Isabelle Œhmichen redonne éclat à ce nocturne. Son interprétation n'est absolument pas convenue. D'une forte personnalité, son assurance et sa fermeté éclairent ces pièces magnifiques. Le Prélude Posthume op. 45 en do dièse mineur, est un vrai voyage de modulation, un rêve poétique, plein de tonalités imprévisibles et toujours plus belles les unes que les autres. Lorsque commence le Concerto op. 11 n°1 pour piano et orchestre à cordes, c'est à la toute première interprétation que Chopin nous convie. Dans les salons de Pleyel, à Paris, le 26 février 1832, accompagné par un quintette à cordes. Liszt et Mendelssohn entendent les premières notes de ce concerto sublime. Les cordes ouvrent ce premier mouvement pendant environ quatre minutes.

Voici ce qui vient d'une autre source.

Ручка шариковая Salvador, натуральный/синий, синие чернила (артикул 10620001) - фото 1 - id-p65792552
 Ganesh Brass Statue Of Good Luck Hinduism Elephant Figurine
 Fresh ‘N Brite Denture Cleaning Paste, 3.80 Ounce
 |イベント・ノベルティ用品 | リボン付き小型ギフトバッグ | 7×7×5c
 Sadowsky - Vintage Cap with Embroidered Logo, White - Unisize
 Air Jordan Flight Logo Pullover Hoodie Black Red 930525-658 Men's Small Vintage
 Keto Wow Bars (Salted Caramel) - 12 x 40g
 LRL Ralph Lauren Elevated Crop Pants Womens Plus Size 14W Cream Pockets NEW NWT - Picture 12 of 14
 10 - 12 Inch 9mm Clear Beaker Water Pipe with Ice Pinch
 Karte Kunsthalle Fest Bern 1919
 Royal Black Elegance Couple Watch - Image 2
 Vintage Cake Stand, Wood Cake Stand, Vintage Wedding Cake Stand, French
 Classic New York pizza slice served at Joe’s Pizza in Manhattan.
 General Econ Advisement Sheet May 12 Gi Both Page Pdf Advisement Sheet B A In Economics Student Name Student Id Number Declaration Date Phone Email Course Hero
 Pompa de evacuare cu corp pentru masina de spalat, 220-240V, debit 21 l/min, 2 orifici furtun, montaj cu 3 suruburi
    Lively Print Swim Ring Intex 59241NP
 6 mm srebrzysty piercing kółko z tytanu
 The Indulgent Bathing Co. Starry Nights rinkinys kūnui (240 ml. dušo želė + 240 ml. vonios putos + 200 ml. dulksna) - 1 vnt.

Puis, la pianiste soliste entre, forte, l'énergie d'une lionne. Le quintette s'efface, et n'apparaît plus qu'en touches pâles mais indispensables, comme pour soutenir les frissons romantiques créés sous ses doigts. Si Chopin aimait tout particulièrement le second mouvement de ce concerto op. 11 n°1, larghetto romanza, Liszt le qualifia « d'idéale perfection », une grâce extraordinaire. Le dernier mouvement, plus sautillant, plus vivace, égrène les gammes et les appogiatures comme une bourrasque de neige. Admirable plénitude poétique et harmonique, d'essence vocale, la musique de Chopin chantera longtemps encore ses merveilleuses lignes mélodiques à nos oreilles. Du moins, que cela dure le plus longtemps possible.

Isabelle Œhmichen n'est pas à son premier album, et cela se sent. Pas moins de neuf CD enregistrés à ce jour, parmi lesquels, elle tente toujours de promouvoir des compositeurs moins connus du grand public, comme Sauguet, Collet, Magin, Dohnanyi, Weiner et Wissmer. Lauréate de la Fondation Cziffra en 1993, et Premier grand Prix du Concours Magin en 1989, elle a joué dans de nombreux orchestres et se produit régulièrement avec l'Orchestre de Chambre de Hongrie.